For example, let’s say you’re inexperienced with women. One day, you finally muster the courage to kiss a girl. She turns away and she tells you she’s not interested. She was your only chance and you blew it.
Of course that’s going to feel like a devastating loss. So far your only reference experience is getting rejected. Zero out of 1 girls kissed you – a 0% success rate.
But you shouldn’t stop there. What if you pursue another girl? And what if you go for a kiss, and she kisses you back?
Now you have a POSITIVE reference experience. You see that the other rejection was an isolated occurrence and temporary. It wasn’t the end-all-be-all of your romantic life. And now you have a 50% success rate.
You can see how your odds dramatically improve with the more chances you take.
So if you think rejection is horrible, just remember: avoiding rejection is a guaranteed way to stay insecure and not see the results you want in life.
Becoming confident through rejection
Over seven years ago, I deliberately put myself in uncomfortable situations where people could tell me “no”. Just like getting over getting punched, I wanted to get over my fear of rejection.
I’ve written about some of these experiences, everything from my famous beaver pickup line to screaming in the middle of the street on my knees to telling women I have a small penis. Once I became a coach, I began doing the same with my clients.
The last thing I want to do is overwhelm or humiliate people. You don’t have to go to the extremes that I did. I just want you to start with examples that slightly challenge your comfort zone. Try small, manageable rejections and work your way up.
- Go into a store and ask for something you know they don’t have.
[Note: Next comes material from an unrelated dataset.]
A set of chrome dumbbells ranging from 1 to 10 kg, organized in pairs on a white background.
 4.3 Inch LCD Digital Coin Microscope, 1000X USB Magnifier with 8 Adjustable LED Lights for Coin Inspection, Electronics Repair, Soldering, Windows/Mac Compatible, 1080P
- Go into a store and ask for a 10% discount on your purchase. (credit: James Altucher)
- Ask a stranger for directions to some place obviously close (right next to you) or really far away (like in another state).
- Ask to cut in line or to take a taxi first.
- Ask a stranger to borrow $20.
- Call a random number and make a request they’ll refuse. “I randomly dialed this number. Can I ask you a favor? Would you sing me a lullaby to sleep?” You may have to use *67 before you dial to protect yourself.
- Offer to pay for your restaurant bill through services like doing dishes.
- Say something embarrassing or dance wildly in public. Notice the people laughing or looking at you uncomfortably.
- Make eye contact with an attractive woman from across the room. Don’t look away until she does.
- Write on a piece of paper, “Do you want to get a coffee sometime? Write your number if yes, return this if no.” Give that to a random woman you find attractive.
- Introduce yourself to a random woman and immediately ask for her number.
- Introduce yourself to a random woman using a really cheesy pickup line.
- Ask a girl to buy you a drink at the bar.
- Ask a random woman if you can be her boyfriend.
- Stay for at least 15 seconds after a girl denies your number request rather than leave quickly. Maintain eye contact. Let her know you appreciate her taking the time to talk with you or say that her boyfriend is a lucky guy. Then smile, shake hands, and wish her a good day.
The whole point of these exercises is to prove to yourself that rejection won’t kill you. That even when it happens, it’s never as harsh as you imagine.
Stop trying to avoid rejection. It’s an inevitable part of putting yourself out there.
You can refine your social and dating skills to improve your odds, but someone at sometime won’t want to connect with you. That happens in business, with friendships, and in romantic pursuits.
You need to learn how to handle that rejection as it comes and make it your ally instead of your enemy.